Hero’s march

Pride of the North Band’s Seth Skjervheim runs the field mere days after donating bone marrow to anonymous recipient

Don, Seth and Kathy Skjervheim

UND Pride of the North Marching Band sousaphonist Seth Skjervheim stands with his dad, Don, and mom, Kathy, during a recent UND Fighting Hawks fooball game. Seth recently donated bone marrow to an anonymous man stricken with leukemia. He then returned to UND to perform with the band only days after the donation. Image courtesy of the Pride of the North Marching Band.

He must have done it dozens of times in practice and at football games, but this felt different.

Seth Skjervheim, sousaphone securely wrapped around his body, had just completed a mad dash around the entire UND Pride of the North Marching Band formation and positioned himself at the base of the giant “D” in “UND,” formed by fellow bandmates on the Alerus Center turf.

It was Saturday afternoon and the near sellout home crowd was at fever pitch before the UND Fighting Hawks-Montana State Bobcats football game. Skjervheim’s traditional running-of-the-brass only added to the frenzy.

The Pride band was about to belt out the first rousing bars of the UND Fight Song and Skjervheim let out a sigh of relief, because, of course, he was winded. But this time he felt a nagging twinge in his lower back, a feeling only a true hero could appreciate.

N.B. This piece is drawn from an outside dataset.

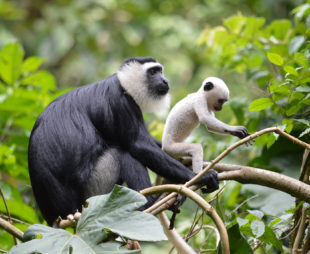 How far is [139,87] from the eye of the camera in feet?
10.4

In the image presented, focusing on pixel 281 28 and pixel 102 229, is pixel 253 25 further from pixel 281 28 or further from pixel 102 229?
pixel 102 229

Just 10 days earlier, Skjervheim was on a hospital gurney, prepped for surgery at the University of Wisconsin Medical Center in Madison, even though he was the picture of good health.

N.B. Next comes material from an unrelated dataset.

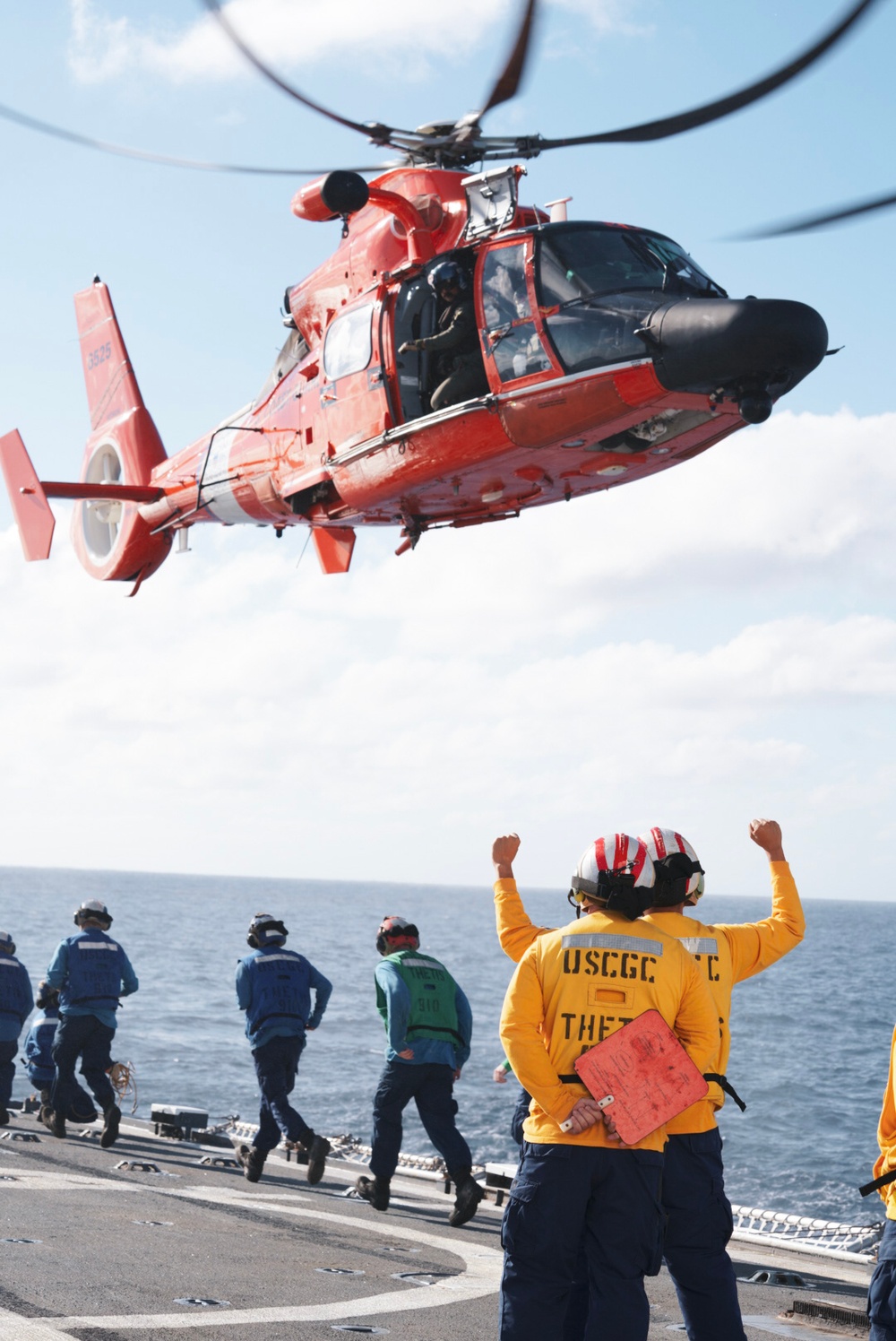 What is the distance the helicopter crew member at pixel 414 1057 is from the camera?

That’s where the hero part comes in.

Easy decision

He was there because, over the summer, the National Bone Marrow Donor Registry had determined Skjervheim was a near perfect match to donate some of his precious marrow, flexible tissue in bones that serve as booming blood cell factories and key components of the body’s immune system. The recipient would be a 63-year-old leukemia-stricken man, whom Skjervheim has never met.

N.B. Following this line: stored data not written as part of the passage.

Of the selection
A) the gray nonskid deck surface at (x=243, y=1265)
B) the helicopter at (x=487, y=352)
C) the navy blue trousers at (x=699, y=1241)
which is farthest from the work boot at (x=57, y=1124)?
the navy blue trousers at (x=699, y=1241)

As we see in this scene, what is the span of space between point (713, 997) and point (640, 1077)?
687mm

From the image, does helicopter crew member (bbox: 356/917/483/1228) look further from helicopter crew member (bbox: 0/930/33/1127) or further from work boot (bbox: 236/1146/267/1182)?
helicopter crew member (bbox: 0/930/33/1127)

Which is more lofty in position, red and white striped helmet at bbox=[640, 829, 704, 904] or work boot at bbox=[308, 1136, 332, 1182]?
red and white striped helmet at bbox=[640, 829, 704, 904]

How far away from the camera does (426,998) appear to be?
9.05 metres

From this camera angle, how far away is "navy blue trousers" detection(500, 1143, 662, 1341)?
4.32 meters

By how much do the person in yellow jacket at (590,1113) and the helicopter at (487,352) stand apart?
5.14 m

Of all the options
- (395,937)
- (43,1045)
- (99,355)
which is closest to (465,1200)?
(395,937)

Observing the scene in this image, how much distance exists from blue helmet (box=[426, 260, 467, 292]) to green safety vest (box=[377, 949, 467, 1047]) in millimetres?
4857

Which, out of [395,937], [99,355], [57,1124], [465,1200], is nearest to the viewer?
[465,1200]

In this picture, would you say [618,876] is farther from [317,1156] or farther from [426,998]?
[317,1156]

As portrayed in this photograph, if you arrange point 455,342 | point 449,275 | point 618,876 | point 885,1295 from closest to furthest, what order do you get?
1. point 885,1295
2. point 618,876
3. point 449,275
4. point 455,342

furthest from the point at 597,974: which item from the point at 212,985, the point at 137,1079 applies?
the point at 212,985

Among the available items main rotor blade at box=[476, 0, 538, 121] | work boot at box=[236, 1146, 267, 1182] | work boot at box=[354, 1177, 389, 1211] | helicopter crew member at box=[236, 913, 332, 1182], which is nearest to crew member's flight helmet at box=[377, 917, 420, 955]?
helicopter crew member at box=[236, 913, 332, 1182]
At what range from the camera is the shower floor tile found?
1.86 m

“I know his age and his disease but other than that I know nothing else about him,” Skjervheim says.

So how does a busy college student, dual majoring in communication and history, who plays big brass instruments on the side for UND’s Pride Band, end up dropping everything to help someone he doesn’t even know?

Skjervheim, 21, says he didn’t give it much thought. The modest Langdon, N.D. native demurs at the prospect that his actions were anything heroic.

“Oh, I don’t know about that,” he said. “It’s someone’s life we’re talking about. It’s something where they knock you out and you don’t feel a thing… why not do it?”

Best match

Skjervheim didn’t set out to be a life-saving donor. The path started his freshman year at UND when his brother encouraged him to take part in a bone marrow registry drive on campus.

The process was a simple swipe of a swab inside his cheek, and that was it, Skjervheim recalls.

“Fast-forward to this past June and I started getting calls and emails that I was a potential match for a person, and asking if I would go through additional testing,” he said.

A follow up blood draw confirmed that Skjervheim was the best possible match to donate his bone marrow. A date was set to have the procedure done and Skjervheim was flown to Madison, where he donated his marrow the next day.

Back in the game

After the operation, doctors told Skjervheim to take it easy for a week or so. In the back of his mind, though, Skjervheim knew that a home football game was in just a few days, and he wanted to be on the field, sousaphone in hand, running around the formation. It’s a role usually reserved for senior sousaphone players in the Pride band, and Skjervheim is the only senior sousaphone player.

“It was kind of borderline, depending on how I was feeling,” he said. “I always knew that I would be able to march, but I’m the guy you see out there running around on the field … thankfully, I was well enough was able to it.

“It never really was bad. Just stiffness and soreness in the lower back, and it’s been getting better each day.”

He said the big run around the formation last Saturday wasn’t as tough as he thought, other than he felt a bit out of shape.  His mother, Kathy, had a different assessment.

“She was at the game and said I looked a little pale afterward,” Skjervheim said with a laugh.

Anonymous friend

Skjervheim’s willingness to give so much on short notice to a stranger and then get back into the game doesn’t surprise UND Assistant Director of Bands Rob Brooks, who heads up the Pride of the North Marching Band.

“He’s great, he’s our sousaphone section leader and one of the best members we have,” Brooks said. “He’s always there with a smile and enthusiastic about supporting the other members of the band. Seth is just wonderful all around.”

Over the next year, Skjervheim and the recipient of his bone marrow will be able to communicate with each other anonymously.

“And after that, if both of us are down for it,” he said, “then we could finally meet, but both of us would have to be on the same page about wanting to do that.”

Skjervheim says he is anxious to learn how his anonymous friend is faring after the donation.

“I definitely think about him a lot… I have not gotten any updates lately, but yes, I have been wondering how he is doing.”